__DATA PROVIDED__:
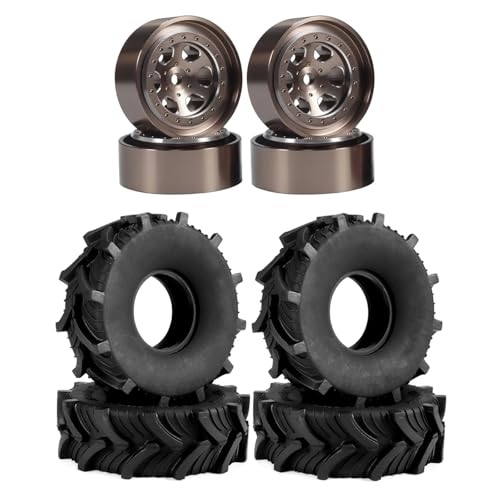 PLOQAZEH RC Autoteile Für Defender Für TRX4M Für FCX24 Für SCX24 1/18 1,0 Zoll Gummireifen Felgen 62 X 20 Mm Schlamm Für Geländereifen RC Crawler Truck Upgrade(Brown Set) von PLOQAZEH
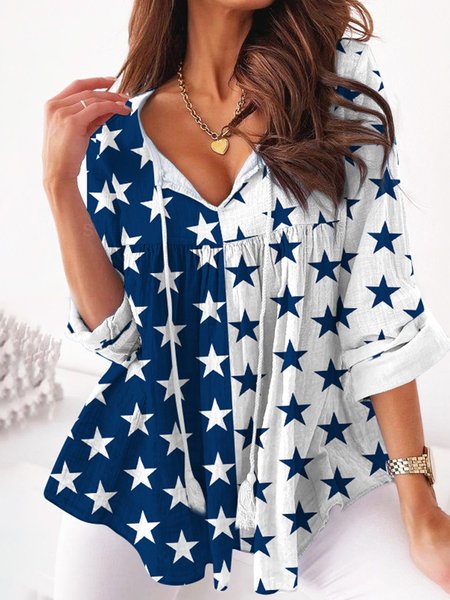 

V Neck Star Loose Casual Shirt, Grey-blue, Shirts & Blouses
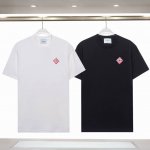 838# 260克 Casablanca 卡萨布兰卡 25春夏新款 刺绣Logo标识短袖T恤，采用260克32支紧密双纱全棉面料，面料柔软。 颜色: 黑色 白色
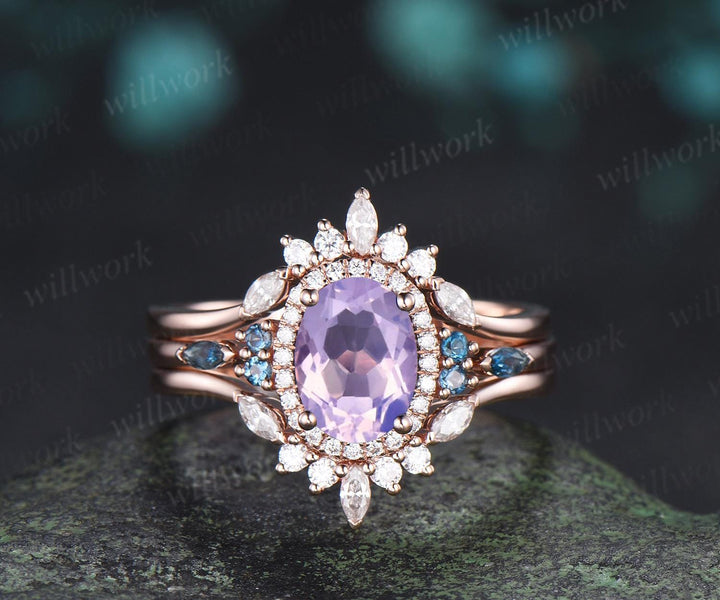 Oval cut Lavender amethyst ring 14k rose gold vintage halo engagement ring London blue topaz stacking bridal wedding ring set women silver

__WHAT TO DO__: Your task is to repeat exactly the lines from the one containing "838# 260克 Casablanca" through the end of the material, both included, and only those, without pictures.

__SOLUTION FOR THIS PROBLEM__:
 838# 260克 Casablanca 卡萨布兰卡 25春夏新款 刺绣Logo标识短袖T恤，采用260克32支紧密双纱全棉面料，面料柔软。 颜色: 黑色 白色
 Oval cut Lavender amethyst ring 14k rose gold vintage halo engagement ring London blue topaz stacking bridal wedding ring set women silver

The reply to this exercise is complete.